Outcomes of Business Model Thinking

Scalability (Nielsen & Lund, 2018a, 2018b), sustainability (Schaltegger et al., 2016), and replicability (Martins et al., 2015) are expected outcomes for any BM. First, although both scalability and replicability are frequently related to growth in the extant literature (Aspara et al., 2010; Stampfl et al., 2013), we relate scalability conceptually more to opportunity as the size and type of opportunity addressed/chosen by a firm sets the scale for the growth potential enabled by a BM. Continuous opportunity scoping triggers and supports the process of BM creation, transformation, and innovation—as the primary function of a BM is to explore and exploit an opportunity (Ahokangas & Myllykoski, 2014; Zott & Amit, 2010).

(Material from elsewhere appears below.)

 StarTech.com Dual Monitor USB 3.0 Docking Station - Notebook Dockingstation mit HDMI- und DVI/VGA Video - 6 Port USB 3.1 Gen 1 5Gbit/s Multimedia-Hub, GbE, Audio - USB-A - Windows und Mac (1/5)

Second, we relate the concept of replication to (competitive) advantage (Aspara et al., 2010; Dunford et al., 2010), as replication of advantages across contexts implies utilizing advantages as widely as possible to ensure competitiveness in the future. Finally, we relate sustainability conceptually to value as all economic activity aims at value accumulation that can be measured in terms of sustainability. In addition, the predicted outcomes will give feedback and influence a BM.

The BM concept links opportunity as the antecedent to scalability as the outcome, value as the antecedent to sustainability as the outcome, and advantage as the antecedent to replication as the outcome, which explains why and how companies create, transform, and innovate their BMs. As visualized in Fig. 9.1, the business model theory allows for identifying what and how the emerging technologies will influence, mapping new opportunities for scalability, organizing for sustained value creation, and replicating new advantages. In this, the BM antecedents and outcomes (or choices and consequences at the managerial level) provide a suitable approach to futuristic BMs and BMI and explicate the dynamics of BMI in the larger, ecosystemic context. By connecting different but related concepts, the business model explores and explains why companies do what they do.

Fig. 9.1
A chart presents the elements of the business model theory or practice. It includes opportunity, value, and advantage as the antecedents or choices resulting in the outcomes or consequences of scalability, sustainability, and replication, respectively.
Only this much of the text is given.